I shook bees from a strong hive. Sprayed them with 1:1, scooped 1 cup into each nuc, put in the q cell, and filled the feeder with 1:1.
When I went to retrieve the queens, 12 days later, 3 nucs were drawn out - 2 had laying queens - 1 had bees but no queen - the 4th had no bees no queen.....seems the plastic slide on the bottom of the nuc got slid back and the bees took off! I guess making sure you still had bees in the nuc would be one of the reasons you leave them in a dark place overnite before setting them out!


----------



## BEES4U (Oct 10, 2007)

RD,
You can pull a frame of brood out, shake off the bees, place the brood frame,s, overnight in a stocking box, remove the covered frame and stock another nuc.
Or, you can stock the nuc with syrup, bees and a ripe queen cell, let them settle down for 3 days in a cool dark place and set them out in their yards.
Remember nucs produce a lot of heat so you will need to address that also.
I have 2 frame nucs in the full sun with shade boards and they are doing fine in 88-95 degree weather.
It will take you a few years of experience to fully get the "handle" nuc management.


----------



## rrussell6870 (May 14, 2009)

Ok for the half sized frames such as mann lakes styrofoam double mating nucs or most wooden nucs you will want to make up some supers that can hold the small frames so they can be put onto standard hives for comb building, protection during winter, and stocking the frames with brood or food... these supers set in the right configuration on hives can give you the brood and bees that you need on each frame to stock your nucs just like you would for a standard nuc. Shaking bees works very well, and if you have a lot of mating nucs to stock, it will be necessary, but you will need to care for your combs and feeding can be very dangerous, so having frames with pollen and honey already will make your nucs much easier to care for. Comb building puts a lot of stress on these little colonies, so letting a full size hive do the building will move your nucs forward quite a bit and allow you to stock your nucs with far fewer bees, thus saving resources. Here are some pics that may help...

Super with crossbar that can hold 20 half length frames...
http://i1040.photobucket.com/albums/b404/RussellApiaries/smallframesystem009.jpg

Super with crossbar and full partition to create 2 growing boxes that hold 10 frames each... this is one way that you can overwinter tiny nuc colonies on these frames...
http://i1040.photobucket.com/albums/b404/RussellApiaries/smallframesystem010.jpg

By placing these supers higher on the hive, the bees will fill the frames with honey, thus you will have a way to safely feed your nucs... Note that the top two supers on this hive have nails in the sides, these are the small frame supers...
http://i1040.photobucket.com/albums/b404/RussellApiaries/smallframesystem011.jpg

By placing these supers lower on the hive (in the brood area) the queen will lay eggs in the frames and the frames will be covered with nurses, thus allowing you to stock your nucs with brood frames to help make the stock bees stay as well as get the ball rolling for the nucs to last and even build up... in this picture the small frame super is marked by a black verticle stripe...
http://i1040.photobucket.com/albums/b404/RussellApiaries/smallframesystem012.jpg

You can also start new packages directly on the small frame supers getting them drawn and filled and build them up in what we call "sacrificial hives"... these hives are completely broken down and every frame is used to stock nucs with... there is no home for the bees to return to, and this method is helpful when space is limited... in this picture the hive is a medium super, a shallow super, and a medium small frame super on top... this hive would be used to stock medium and shallow threeway mating nucs as well as 10 holes (or five duplexes) of the mini nucs...
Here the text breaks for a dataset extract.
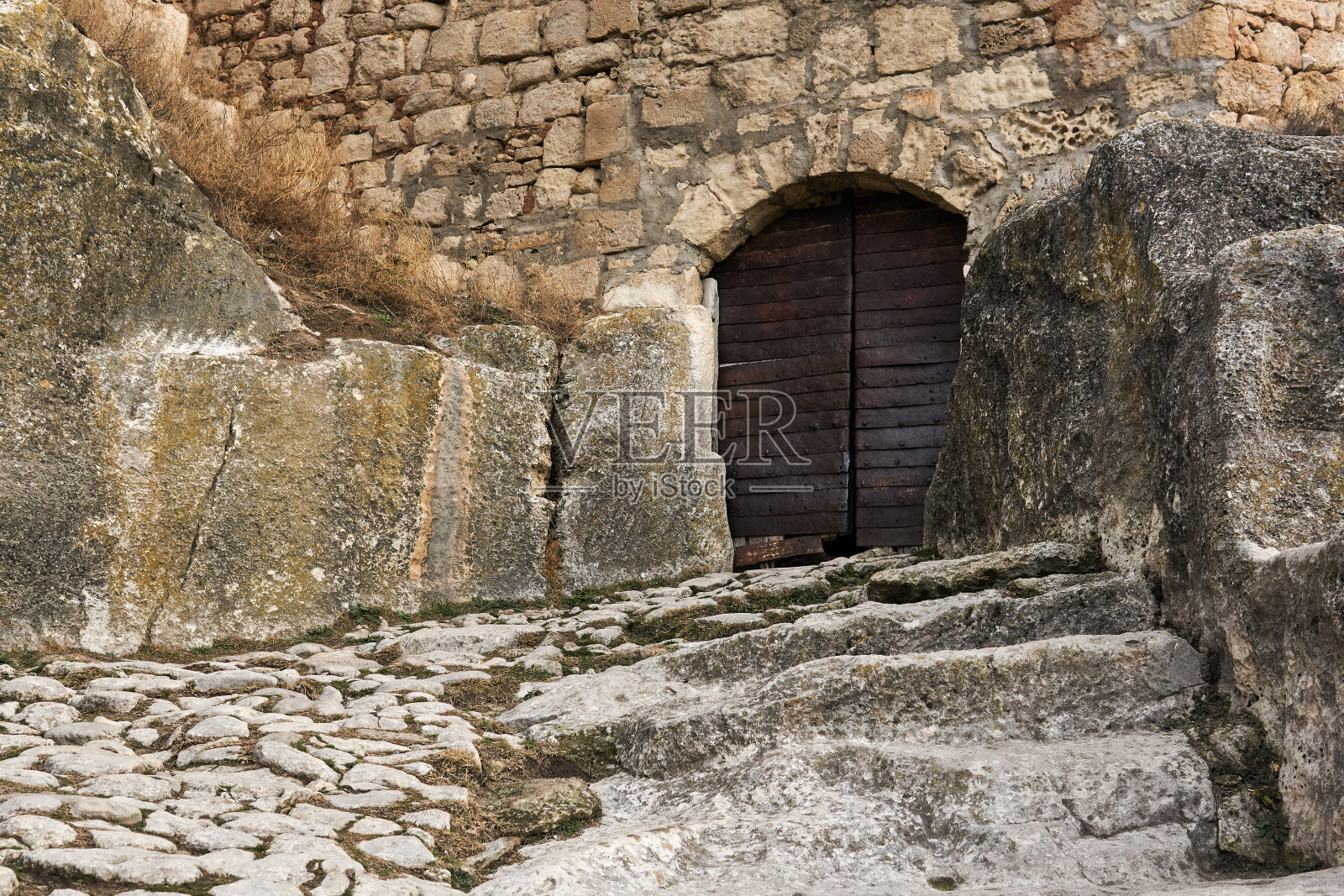 通往克里米亚Chufut-Kale的中世纪洞穴城市堡垒的铁门照片摄影图片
The hives in this picture are true bottomless hives made up of nothing but small frame supers... they are sacrificial hives and each can stock 40 holes (or 20 duplexes)... so these 40 hives can stock 160 holes (or 80 duplexes)...
http://i1040.photobucket.com/albums/b404/RussellApiaries/smallframesystem013.jpg

As for frames and whether or not to use foundation or natural comb, the frames that you purchase can be used with either shallow side bars or medium ones, either is fine.. we make our own frames that are a bit thinner so they are easier to get in and out of the mini nucs without hurting our queens or bees... for our frames, we use no foundation and no guide, just space them properly throughout the super and place it in the center of the brood area on a strong hive... about 10 days later, it is fully drawn with natural comb and filled solid with brood... for the pruchased frames, foundation works well, just keep in mind that foundation is harder for the bees to work with than natural comb, so if you are making them draw the comb in the mini nucs, you will do better to only make them do one frame at a time... (note the styrofoam mini nuc single are much smaller frames than the regular mini nucs that used half length frames, the bees in the nuc will have to draw those frames in the nucs, lots of light syrup and a cool dark place to let them build natural comb as foundation is not recommended for these little frames)... here is a pic showing the half length mini frames (purchased on the left, thin homemade on the right).
http://i1040.photobucket.com/albums/b404/RussellApiaries/cell07005.jpg

The greatest issue that you may find is that the bees will constantly be outgrowing the mini nucs... so I recommend that you prepare plenty of fresh frames and store them (foundation or blanks, which ever way you decide to go)... this way you have the resources available to weaken them up as you go... and as you do, you can place the frames that you remove into either more minis like splits, or you can place them into small frame supers and put them on hives, or even make new hives with them.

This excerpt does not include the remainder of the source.